Ray felt like screaming in what was left of Crypt Kicker's face (thankfully hidden by the hood he wore), but restrained himself.

"Well, Jesus, Bobby Joe, get the hell out of my way and let me do what I'm supposed to do."

Ray went to step around Crypt Kicker, but the huge ace snaked out a hand and grabbed Ray around the upper arm in a grip that even Rays strength couldn't break. "I can't let you do that, Billy."

"You fucking moron," Ray blazed. "You're working with the Sharks?"

Crypt Kicker nodded ponderously. "Yes. They have a serum to cure the wild card. It's the Lord's work, to bring an end to the pain and suffering."

Jesus, Ray thought. "Let me go, Bobby Joe," he said in a low, tight voice.

"Can't ..." Bobby Joe Puckett said, and Ray struck him in the forearm hard enough to snap the bones of most men.

But Crypt Kicker clung on doggedly. Ray swung again and again as the massive ace wound up to retaliate. Puckett's blow came with all the force of a diesel locomotive and all the speed of a sleeping sloth. Ray ducked and Puckett's fist slammed into the wall. The wall buckled, Puckett turned his attention to pulling his fist out of the hole it'd made in the wall and Ray yanked free. He turned, grabbed the back of Puckett's hood, and slammed his head as hard as he could into the wall.

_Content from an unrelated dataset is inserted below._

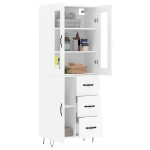 Credenza Bianca 69,5x34x180 cm in Legno Multistrato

The wall gave before the onslaught of Puckett's head. Ray took a deep breath of thanks, but before he could get away Puckett bellowed like a wounded elephant and tore out a huge chunk of plasterboard as he pulled himself free of the wall.

"Shit," Ray said, and Crypt Kicker, flailing around blindly, caught Ray across the chest with a blow powerful enough to knock him off his feet and send him skidding down the hall on his backside. By the time Ray got up Puckett had managed to extricate himself from the piece of wall framing him like an especially ugly Picasso.

Ray charged and Puckett lifted his hands and let fly with the toxic wastes and poisons that had accumulated in his body. Ray tried to twist away from the streams of venomous chemicals, but some splashed against his side, sizzling through his borrowed fatigues and eating skin and flesh.